Florida jobless claims remain steady
First-time unemployment claims in Florida went up after the Labor Day weekend, but the number was similar to the weekly average since the start of the year. The U.S. Department of Labor on Thursday issued a report that said an estimated 5,418 jobless claims were filed in Florida during the week that ended Sept. 9. That was up from 4,812 claims during the previous week and slightly below the weekly average of 5,768 claims since the start of the year. [Source: News Service of Florida]
This is how much you need to make to live alone in Florida, new report says
Living alone in Florida is expensive, a new report shows. The price of essentials like gas and groceries has increased by 3.2% nationwide in the past year, according to the Consumer Price Index report from July 2023. That means that the amount of money required to live and work in the U.S. has gone up, too. In Florida, a single person must make $57,064 per year to cover all of their expenses. This places Florida 30th on the ranking of states by income requirements. [Source: Miami Herald]
Can harvesting Indian River Lagoon's algae make a healthier river, good shoes, fuel or ink?
They might just be "skimming the surface," but promoters of a novel way pulling harmful algae from the Indian River Lagoon say it's off to a good start. Algae produces about 70% of the Earth's oxygen through photosynthesis, but in excess can become a killer. Harvesting that excess by barge has worked in fresh water lakes, in canals and near marinas. Now AECOM's using almost $1 million in state grant money to prove their way works in our semi-salty lagoon at large. [Source: Florida Today]
ALSO AROUND FLORIDA:
› DeSantis launches billboards in Illinois to encourage police to move to Florida
"Citizenship Matters.

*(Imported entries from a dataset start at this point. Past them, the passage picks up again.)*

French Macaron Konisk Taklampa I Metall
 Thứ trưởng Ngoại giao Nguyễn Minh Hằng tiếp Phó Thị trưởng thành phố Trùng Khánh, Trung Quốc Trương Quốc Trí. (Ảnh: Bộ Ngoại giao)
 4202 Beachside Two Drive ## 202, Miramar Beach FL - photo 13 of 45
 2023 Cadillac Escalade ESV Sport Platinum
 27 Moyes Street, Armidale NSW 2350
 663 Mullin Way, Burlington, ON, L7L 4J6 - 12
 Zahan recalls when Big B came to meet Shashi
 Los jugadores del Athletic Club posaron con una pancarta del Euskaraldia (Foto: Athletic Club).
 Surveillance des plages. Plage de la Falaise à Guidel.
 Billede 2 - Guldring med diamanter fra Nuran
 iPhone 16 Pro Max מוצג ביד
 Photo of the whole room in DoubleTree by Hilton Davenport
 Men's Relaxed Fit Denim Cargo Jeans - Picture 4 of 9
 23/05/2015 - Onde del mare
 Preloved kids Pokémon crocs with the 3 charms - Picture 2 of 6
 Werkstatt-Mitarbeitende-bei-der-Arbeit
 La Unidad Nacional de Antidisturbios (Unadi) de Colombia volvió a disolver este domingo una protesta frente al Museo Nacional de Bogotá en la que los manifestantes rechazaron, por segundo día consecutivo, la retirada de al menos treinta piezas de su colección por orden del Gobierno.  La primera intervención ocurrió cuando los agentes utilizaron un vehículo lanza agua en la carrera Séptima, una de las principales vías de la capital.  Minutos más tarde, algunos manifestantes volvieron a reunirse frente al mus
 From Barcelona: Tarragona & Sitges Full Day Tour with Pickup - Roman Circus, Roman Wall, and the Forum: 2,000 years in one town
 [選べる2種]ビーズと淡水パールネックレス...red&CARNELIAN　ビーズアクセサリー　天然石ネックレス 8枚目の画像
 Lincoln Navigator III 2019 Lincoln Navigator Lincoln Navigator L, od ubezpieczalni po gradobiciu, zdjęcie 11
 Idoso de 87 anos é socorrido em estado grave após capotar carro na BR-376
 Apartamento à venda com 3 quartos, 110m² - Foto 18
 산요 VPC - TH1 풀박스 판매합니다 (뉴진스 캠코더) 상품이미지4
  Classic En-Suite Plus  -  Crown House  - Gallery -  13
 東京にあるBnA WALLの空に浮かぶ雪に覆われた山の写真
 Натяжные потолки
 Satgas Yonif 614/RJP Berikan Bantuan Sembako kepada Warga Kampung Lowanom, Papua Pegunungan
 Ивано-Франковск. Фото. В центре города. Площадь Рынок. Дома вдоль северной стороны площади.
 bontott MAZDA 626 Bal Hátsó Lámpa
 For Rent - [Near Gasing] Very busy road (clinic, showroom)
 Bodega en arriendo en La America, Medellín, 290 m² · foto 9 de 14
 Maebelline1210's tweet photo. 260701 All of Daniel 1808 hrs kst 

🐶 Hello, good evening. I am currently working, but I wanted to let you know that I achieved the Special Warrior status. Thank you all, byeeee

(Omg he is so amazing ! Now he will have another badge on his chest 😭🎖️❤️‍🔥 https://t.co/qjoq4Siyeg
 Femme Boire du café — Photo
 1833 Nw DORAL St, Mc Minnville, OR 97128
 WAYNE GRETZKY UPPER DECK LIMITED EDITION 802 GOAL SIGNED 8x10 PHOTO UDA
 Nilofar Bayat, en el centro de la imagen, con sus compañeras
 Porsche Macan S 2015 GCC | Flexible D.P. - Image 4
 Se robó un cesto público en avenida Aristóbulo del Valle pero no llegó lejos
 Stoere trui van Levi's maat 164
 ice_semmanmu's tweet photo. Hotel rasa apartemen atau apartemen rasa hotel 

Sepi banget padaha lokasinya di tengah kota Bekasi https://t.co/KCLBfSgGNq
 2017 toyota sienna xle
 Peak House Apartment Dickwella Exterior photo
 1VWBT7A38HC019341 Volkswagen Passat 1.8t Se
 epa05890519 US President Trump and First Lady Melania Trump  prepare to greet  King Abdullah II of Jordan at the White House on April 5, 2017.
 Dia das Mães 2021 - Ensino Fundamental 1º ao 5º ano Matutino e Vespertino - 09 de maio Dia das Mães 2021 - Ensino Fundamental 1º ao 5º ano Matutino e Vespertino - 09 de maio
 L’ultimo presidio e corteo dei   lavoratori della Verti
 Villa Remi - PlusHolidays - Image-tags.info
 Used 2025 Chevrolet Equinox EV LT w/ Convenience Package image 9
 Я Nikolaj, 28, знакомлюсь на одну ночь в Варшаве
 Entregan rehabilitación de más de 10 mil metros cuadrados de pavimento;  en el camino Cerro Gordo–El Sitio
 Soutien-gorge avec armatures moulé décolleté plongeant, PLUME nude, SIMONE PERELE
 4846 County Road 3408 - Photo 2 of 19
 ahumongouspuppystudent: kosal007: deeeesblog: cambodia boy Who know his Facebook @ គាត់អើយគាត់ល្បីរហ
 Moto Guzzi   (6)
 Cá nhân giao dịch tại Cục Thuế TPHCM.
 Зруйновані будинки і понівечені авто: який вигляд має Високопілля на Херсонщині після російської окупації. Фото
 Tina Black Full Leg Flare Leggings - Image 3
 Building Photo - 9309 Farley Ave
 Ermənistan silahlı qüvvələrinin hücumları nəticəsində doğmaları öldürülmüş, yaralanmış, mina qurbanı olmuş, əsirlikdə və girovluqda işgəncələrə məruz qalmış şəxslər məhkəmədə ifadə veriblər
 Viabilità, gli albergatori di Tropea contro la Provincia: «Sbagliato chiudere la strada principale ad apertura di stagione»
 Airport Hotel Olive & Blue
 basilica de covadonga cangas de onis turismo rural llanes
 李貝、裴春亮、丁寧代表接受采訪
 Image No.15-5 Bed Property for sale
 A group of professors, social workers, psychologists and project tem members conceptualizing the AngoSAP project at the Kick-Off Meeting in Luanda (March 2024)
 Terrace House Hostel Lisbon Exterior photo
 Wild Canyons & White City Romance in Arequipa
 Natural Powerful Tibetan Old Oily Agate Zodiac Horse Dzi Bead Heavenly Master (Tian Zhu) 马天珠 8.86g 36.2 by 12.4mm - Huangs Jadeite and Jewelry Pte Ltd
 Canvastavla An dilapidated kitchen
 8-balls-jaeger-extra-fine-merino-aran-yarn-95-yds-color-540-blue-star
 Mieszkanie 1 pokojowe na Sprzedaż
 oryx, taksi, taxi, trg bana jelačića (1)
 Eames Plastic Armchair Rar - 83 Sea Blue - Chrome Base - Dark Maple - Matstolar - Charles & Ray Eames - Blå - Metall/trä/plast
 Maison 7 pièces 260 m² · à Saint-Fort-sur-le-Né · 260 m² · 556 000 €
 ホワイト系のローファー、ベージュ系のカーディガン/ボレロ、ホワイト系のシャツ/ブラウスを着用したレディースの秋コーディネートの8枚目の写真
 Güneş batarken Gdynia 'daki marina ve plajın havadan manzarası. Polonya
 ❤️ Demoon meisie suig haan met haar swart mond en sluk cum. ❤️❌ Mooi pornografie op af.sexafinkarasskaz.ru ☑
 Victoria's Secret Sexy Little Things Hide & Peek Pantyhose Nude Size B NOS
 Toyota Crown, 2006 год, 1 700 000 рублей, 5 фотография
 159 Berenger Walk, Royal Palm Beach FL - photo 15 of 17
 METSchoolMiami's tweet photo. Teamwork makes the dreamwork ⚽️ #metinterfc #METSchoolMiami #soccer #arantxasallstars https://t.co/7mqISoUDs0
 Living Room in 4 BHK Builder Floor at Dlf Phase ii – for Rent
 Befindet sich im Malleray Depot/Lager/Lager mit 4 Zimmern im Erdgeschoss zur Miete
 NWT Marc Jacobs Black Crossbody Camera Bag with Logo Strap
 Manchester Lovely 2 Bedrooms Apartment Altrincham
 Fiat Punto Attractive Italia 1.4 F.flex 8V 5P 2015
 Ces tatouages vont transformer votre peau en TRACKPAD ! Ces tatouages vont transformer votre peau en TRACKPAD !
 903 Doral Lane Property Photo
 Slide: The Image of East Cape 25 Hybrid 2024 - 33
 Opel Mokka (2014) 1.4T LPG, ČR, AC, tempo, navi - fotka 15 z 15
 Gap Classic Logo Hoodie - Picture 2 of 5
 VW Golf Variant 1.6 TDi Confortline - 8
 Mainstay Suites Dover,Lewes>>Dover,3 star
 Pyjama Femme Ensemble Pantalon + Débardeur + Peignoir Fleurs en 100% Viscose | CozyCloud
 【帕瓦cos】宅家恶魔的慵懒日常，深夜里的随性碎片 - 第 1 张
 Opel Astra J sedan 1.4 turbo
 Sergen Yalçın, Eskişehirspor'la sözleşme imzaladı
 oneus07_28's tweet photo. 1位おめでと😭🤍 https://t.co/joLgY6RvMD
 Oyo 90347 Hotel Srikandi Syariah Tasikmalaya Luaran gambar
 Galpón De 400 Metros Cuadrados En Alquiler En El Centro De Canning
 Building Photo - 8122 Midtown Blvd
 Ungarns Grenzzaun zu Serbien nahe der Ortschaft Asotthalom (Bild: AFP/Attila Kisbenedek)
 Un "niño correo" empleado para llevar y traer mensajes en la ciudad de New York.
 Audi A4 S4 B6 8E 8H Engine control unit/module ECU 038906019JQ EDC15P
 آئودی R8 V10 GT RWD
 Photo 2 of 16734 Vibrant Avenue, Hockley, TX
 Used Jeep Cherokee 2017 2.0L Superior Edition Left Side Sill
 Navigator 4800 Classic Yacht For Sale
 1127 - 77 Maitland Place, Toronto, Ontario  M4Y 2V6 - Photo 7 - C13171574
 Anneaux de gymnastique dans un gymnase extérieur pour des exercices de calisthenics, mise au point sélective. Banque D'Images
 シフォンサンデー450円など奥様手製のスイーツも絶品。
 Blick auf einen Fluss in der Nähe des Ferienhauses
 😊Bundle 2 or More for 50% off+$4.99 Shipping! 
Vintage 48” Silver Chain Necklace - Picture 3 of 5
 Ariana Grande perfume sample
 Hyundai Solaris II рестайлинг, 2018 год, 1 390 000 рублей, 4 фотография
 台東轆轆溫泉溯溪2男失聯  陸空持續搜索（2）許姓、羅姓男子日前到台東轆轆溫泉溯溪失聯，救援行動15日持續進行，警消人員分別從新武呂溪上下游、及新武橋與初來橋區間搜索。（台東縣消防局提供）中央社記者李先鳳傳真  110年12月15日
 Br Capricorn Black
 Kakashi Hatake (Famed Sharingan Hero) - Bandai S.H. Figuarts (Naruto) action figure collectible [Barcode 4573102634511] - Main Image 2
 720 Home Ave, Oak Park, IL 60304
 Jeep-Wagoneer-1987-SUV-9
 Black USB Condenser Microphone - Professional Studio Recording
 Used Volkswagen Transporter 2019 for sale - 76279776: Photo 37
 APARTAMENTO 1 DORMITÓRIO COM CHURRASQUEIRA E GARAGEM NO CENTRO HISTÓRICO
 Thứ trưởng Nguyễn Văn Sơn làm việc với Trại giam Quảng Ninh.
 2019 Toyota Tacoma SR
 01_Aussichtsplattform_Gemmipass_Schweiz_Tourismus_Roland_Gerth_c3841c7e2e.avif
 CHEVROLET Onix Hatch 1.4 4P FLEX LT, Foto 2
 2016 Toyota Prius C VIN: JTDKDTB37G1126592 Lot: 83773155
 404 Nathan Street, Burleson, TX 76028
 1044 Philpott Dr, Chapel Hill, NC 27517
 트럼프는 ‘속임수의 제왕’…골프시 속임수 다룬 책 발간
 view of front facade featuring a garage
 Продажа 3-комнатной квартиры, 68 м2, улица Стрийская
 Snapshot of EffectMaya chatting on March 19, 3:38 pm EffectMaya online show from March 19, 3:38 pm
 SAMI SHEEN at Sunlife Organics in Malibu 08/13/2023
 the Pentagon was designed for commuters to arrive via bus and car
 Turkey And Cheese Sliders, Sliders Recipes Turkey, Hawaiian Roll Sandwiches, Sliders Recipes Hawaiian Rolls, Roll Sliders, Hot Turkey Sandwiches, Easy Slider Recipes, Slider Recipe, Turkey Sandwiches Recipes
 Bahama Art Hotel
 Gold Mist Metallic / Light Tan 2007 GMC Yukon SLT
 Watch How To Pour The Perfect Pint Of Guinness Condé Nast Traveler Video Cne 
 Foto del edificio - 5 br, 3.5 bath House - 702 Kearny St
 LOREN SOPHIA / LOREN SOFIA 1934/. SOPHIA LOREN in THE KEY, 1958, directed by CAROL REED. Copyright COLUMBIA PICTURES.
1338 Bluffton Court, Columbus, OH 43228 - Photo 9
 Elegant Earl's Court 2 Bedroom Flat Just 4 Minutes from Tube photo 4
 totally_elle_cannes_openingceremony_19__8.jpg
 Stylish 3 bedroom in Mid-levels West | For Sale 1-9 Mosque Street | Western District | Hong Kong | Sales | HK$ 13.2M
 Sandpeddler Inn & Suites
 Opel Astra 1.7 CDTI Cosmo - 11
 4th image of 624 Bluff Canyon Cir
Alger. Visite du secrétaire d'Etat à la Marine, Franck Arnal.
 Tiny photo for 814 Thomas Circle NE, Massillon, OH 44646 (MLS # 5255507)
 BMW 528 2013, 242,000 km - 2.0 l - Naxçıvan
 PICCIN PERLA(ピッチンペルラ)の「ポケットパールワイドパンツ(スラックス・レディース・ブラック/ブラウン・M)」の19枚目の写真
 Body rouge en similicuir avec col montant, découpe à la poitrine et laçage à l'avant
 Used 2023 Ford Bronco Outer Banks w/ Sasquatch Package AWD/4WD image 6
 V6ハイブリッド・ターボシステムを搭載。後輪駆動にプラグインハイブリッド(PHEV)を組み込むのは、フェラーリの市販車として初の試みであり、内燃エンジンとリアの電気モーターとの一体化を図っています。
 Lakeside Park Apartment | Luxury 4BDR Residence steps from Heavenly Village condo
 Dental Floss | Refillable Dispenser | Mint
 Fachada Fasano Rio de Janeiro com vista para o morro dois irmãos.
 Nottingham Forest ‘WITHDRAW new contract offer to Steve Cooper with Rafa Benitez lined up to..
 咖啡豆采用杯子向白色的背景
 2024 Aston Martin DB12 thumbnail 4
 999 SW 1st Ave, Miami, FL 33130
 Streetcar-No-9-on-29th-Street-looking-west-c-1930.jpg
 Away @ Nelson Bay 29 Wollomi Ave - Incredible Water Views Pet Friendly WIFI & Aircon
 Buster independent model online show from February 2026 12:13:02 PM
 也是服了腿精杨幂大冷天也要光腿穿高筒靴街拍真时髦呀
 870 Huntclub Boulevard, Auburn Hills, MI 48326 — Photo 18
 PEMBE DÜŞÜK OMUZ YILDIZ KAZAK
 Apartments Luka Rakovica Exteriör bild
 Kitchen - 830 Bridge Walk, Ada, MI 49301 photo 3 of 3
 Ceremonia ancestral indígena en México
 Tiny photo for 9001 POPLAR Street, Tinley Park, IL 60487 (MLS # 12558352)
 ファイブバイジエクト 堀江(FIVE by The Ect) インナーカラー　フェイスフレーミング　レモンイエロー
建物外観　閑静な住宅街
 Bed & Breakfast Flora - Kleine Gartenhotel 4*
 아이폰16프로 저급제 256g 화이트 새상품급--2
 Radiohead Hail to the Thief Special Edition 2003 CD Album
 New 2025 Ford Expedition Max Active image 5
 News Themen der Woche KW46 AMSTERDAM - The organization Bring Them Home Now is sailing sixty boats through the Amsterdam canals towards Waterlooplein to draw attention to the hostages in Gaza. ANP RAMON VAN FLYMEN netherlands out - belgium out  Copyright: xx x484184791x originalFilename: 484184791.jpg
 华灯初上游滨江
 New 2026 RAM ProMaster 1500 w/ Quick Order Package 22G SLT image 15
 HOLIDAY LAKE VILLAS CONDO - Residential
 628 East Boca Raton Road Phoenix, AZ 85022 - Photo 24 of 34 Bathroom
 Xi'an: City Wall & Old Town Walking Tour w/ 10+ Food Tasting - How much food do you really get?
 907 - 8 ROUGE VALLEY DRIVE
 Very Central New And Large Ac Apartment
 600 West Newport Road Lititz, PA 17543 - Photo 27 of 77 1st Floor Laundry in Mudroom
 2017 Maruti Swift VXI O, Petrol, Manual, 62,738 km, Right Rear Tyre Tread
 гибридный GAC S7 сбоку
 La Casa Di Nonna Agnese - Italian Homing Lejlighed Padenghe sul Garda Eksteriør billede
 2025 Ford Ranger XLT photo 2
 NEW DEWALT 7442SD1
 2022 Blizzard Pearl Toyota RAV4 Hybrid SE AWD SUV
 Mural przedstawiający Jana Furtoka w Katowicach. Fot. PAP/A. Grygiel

Law Enforcement Matters." "Make the Smart Move to Florida!" These are the slogans on billboards Gov. Ron DeSantis is launching in Chicago and surrounding areas in Illinois to encourage officers in the city to move to Florida, offering them a signing cash bonus of $5,000 if they do.
› New numbers show why it’s tough for budget-conscious buyers to land a South Florida home
Since 2019 prior to the pandemic, the number of houses and condominiums for sale at or below the median sales prices in South Florida has plunged. New figures quantify the extremely tight supply of homes in Miami-Dade, Broward and Palm Beach counties that middle-class homebuyers can typically afford, and show a prime reason why many house hunters haven’t been able to find houses or condos they can afford to buy.
› Ballots are set in Orlando ahead of November contests for mayor, commissioners
Orlando Mayor Buddy Dyer will have a familiar opponent on the November ballot, in what the 20-year mayor says will be his last hurrah. After qualifying ended at noon, Dyer will officially face former city commissioner and mayoral candidate Sam Ings, fitness professional and first-time candidate Tony Vargas, and former state Senate candidate Steve Dixon.
› An ocean drone launched from St. Petersburg into Hurricane Idalia. Here’s what it saw.
One day before Hurricane Idalia smashed into Florida’s Big Bend region, a bright orange ocean drone crossed paths with the major hurricane in a turbulent Gulf of Mexico. Shaped like a sailboat and stretching 23 feet long, the unmanned research vehicle, dubbed a saildrone, was a long way from its home in St. Petersburg. Roughly 200 nautical miles from Idalia’s eye on Aug. 29, as an angry sea tossed and toiled, the vehicle began recording video.